Given records:
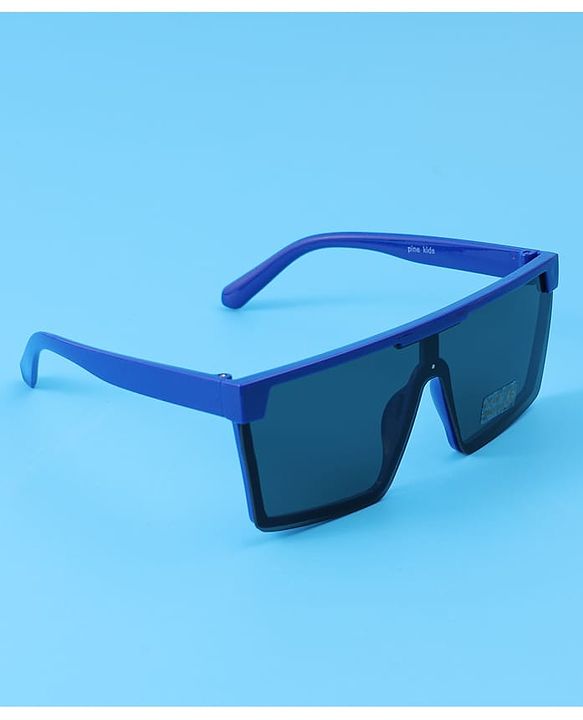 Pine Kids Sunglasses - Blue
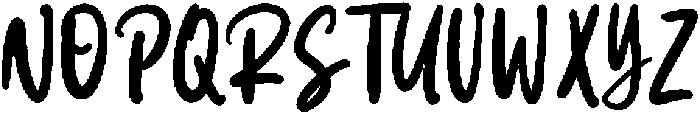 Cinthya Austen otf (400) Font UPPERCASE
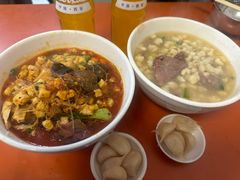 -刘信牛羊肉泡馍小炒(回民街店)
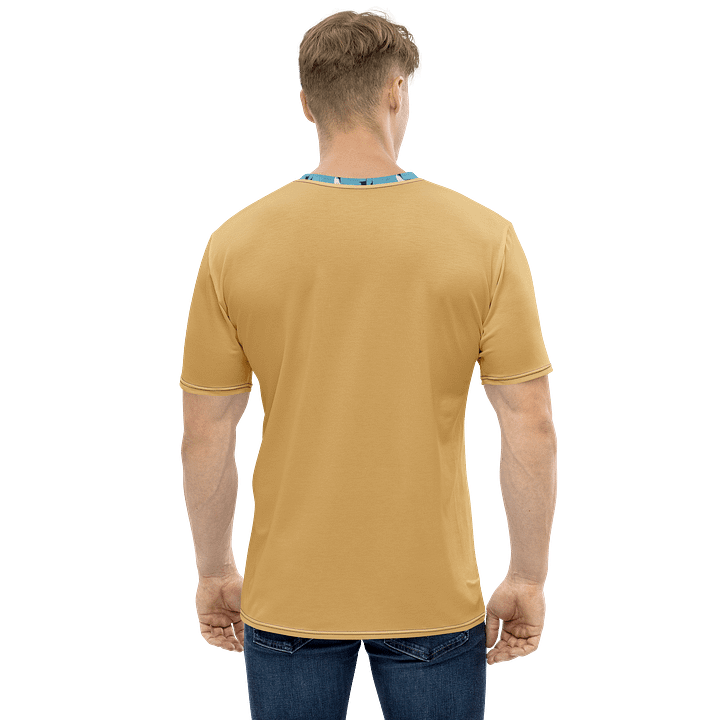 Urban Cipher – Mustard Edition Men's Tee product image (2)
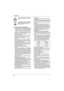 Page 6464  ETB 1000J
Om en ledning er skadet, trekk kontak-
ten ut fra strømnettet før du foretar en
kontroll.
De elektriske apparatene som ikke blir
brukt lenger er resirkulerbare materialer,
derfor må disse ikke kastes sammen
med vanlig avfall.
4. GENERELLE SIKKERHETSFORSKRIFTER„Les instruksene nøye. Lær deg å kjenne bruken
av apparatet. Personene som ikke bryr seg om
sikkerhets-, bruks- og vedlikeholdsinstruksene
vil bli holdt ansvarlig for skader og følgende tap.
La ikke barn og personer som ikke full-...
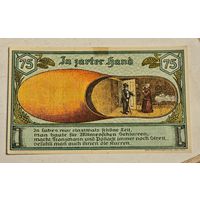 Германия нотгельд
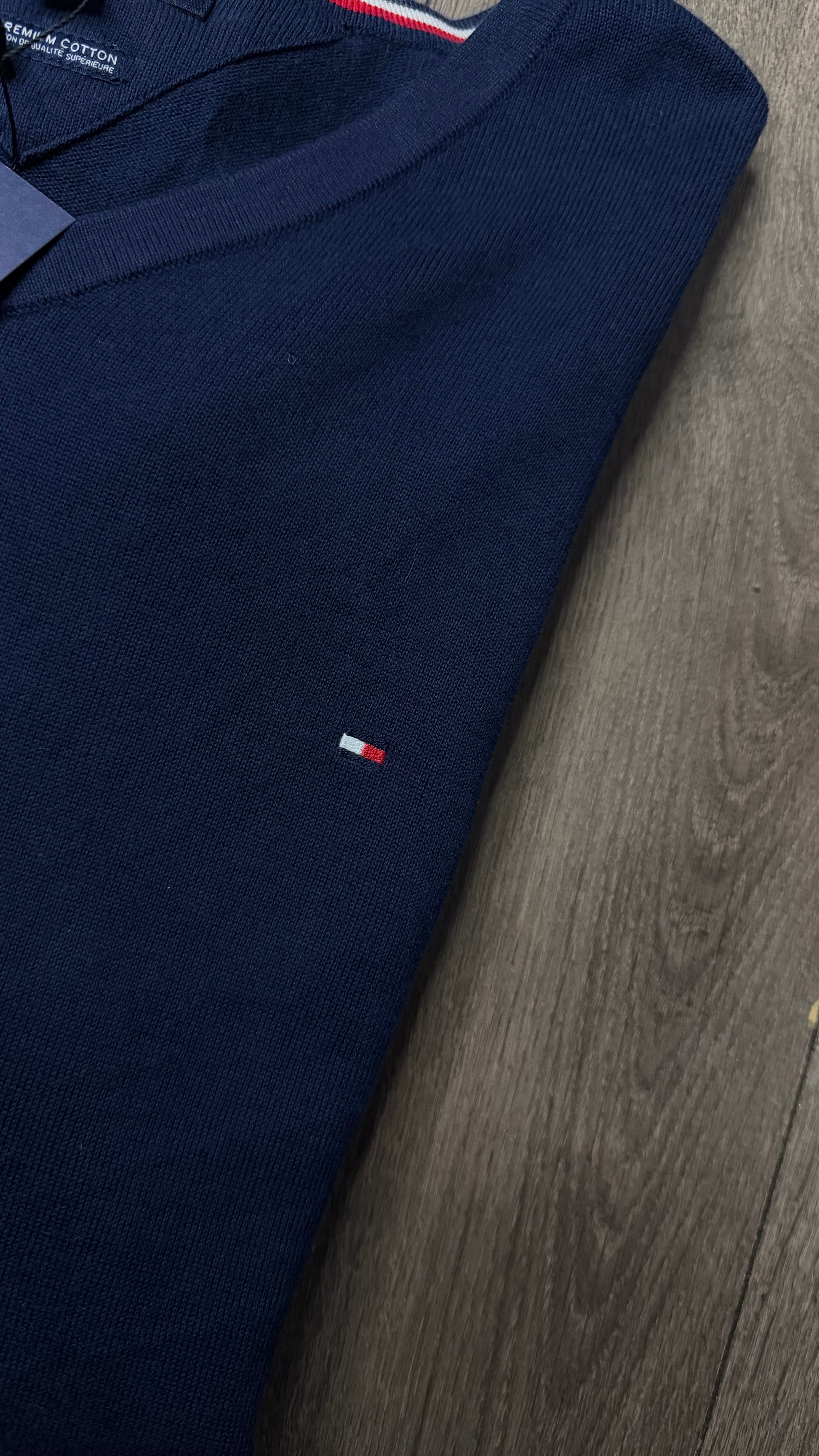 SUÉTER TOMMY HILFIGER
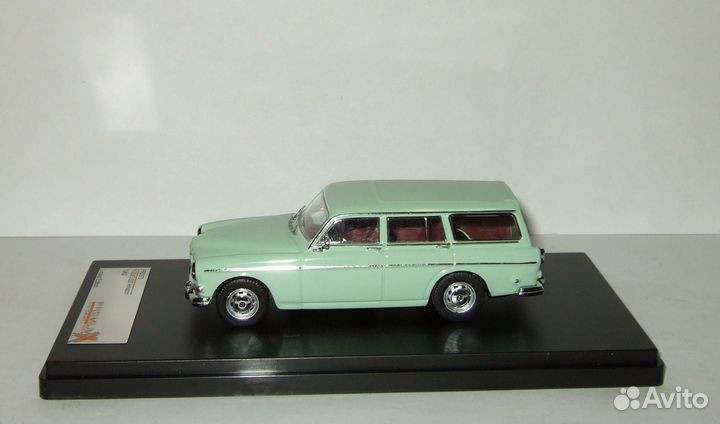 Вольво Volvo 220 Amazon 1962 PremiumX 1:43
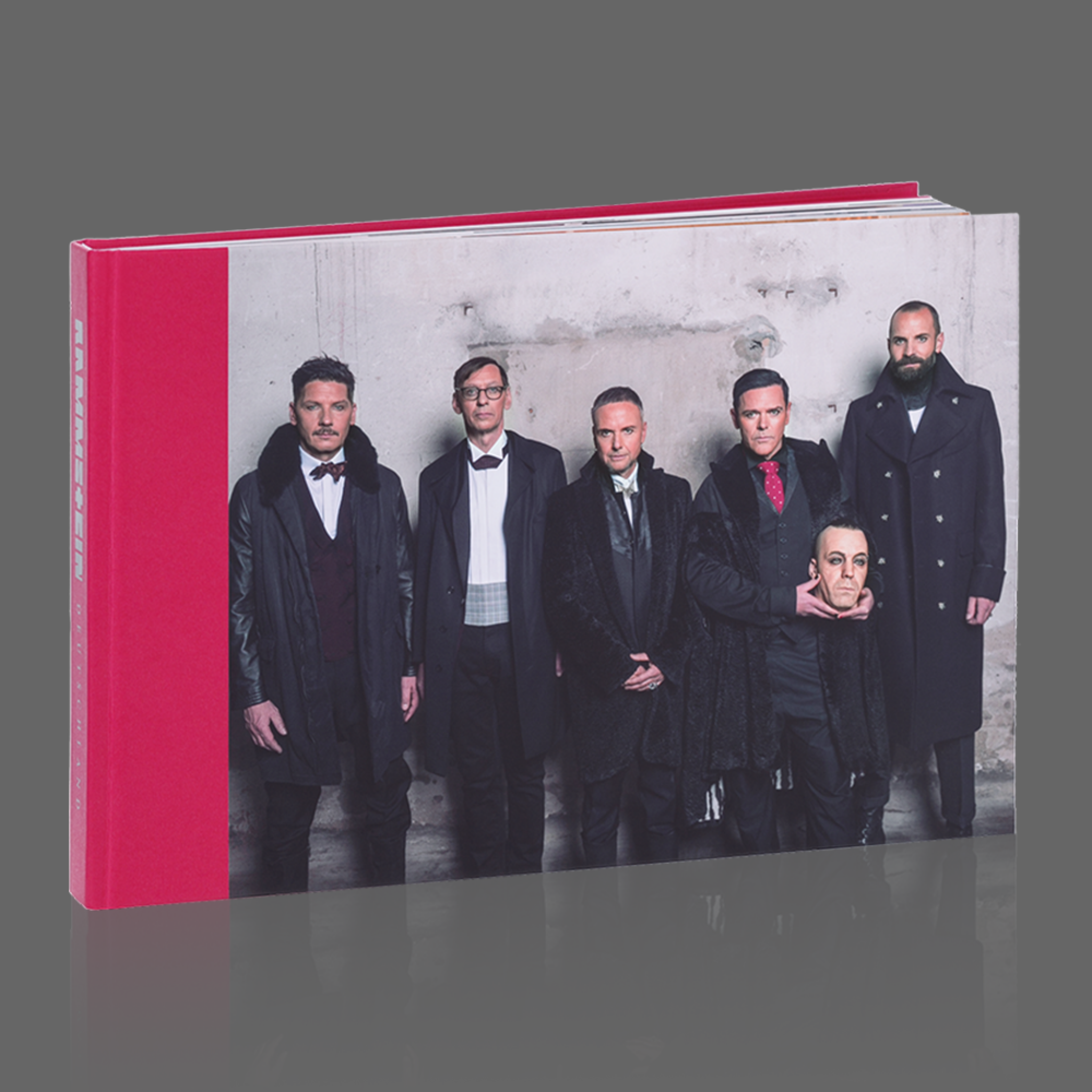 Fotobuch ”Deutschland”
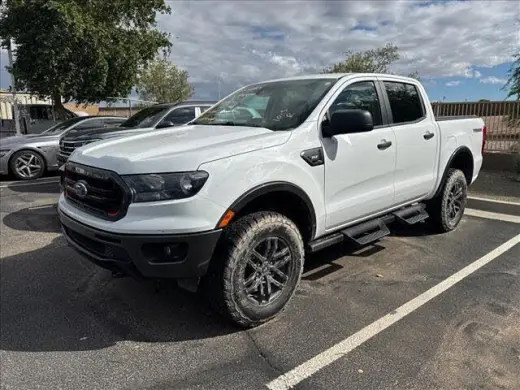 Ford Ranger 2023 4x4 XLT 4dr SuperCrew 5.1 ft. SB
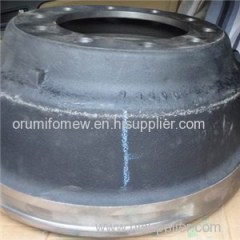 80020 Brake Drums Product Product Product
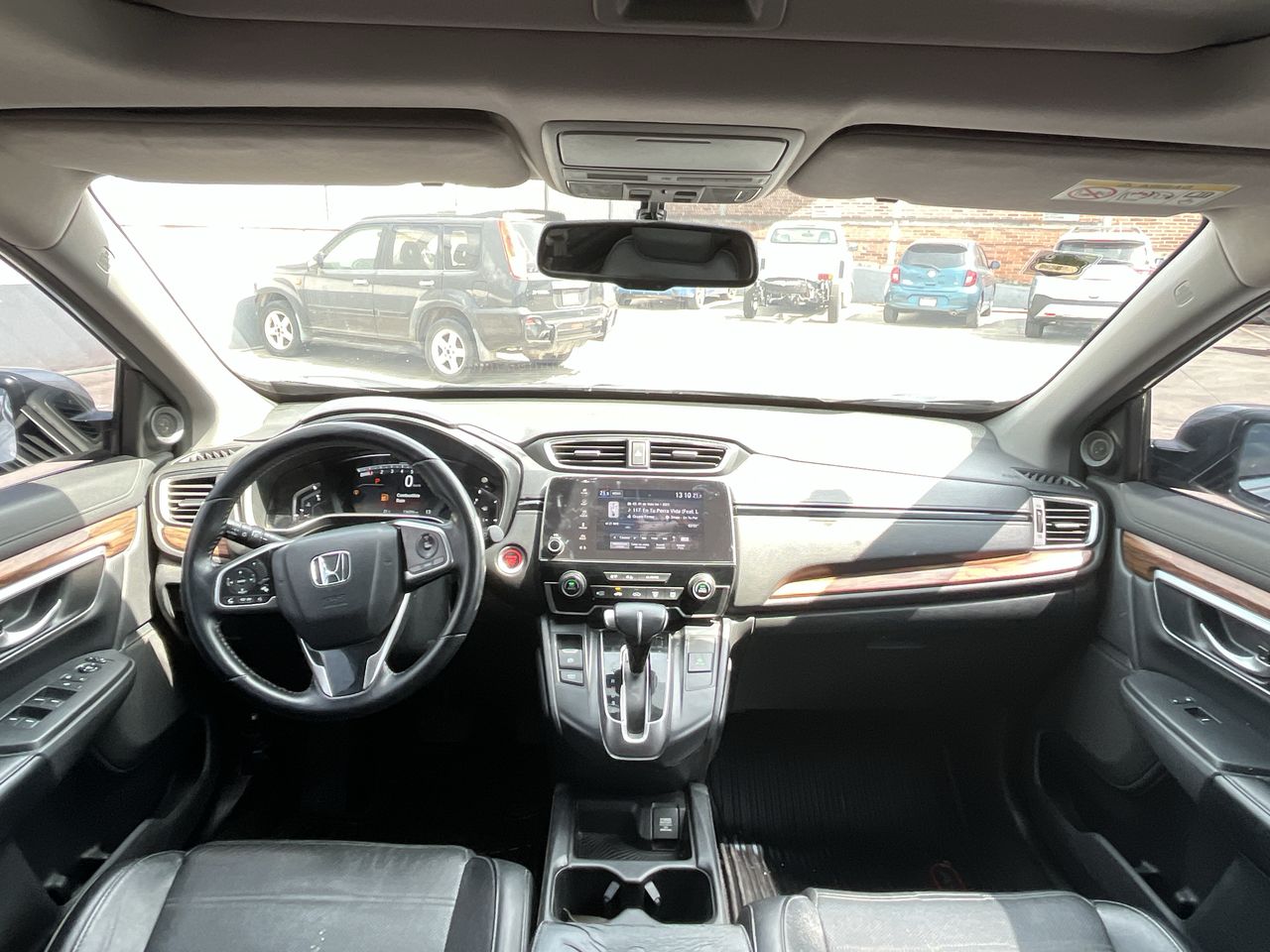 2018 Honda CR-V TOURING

What to produce: Pick up at the line containing "SUÉTER TOMMY HILFIGER" and copy each line exactly until the data ends, including that last line; copy no pictures.

Reply to the task:
 SUÉTER TOMMY HILFIGER
 Вольво Volvo 220 Amazon 1962 PremiumX 1:43
 Fotobuch ”Deutschland”
 Ford Ranger 2023 4x4 XLT 4dr SuperCrew 5.1 ft. SB
 80020 Brake Drums Product Product Product
 2018 Honda CR-V TOURING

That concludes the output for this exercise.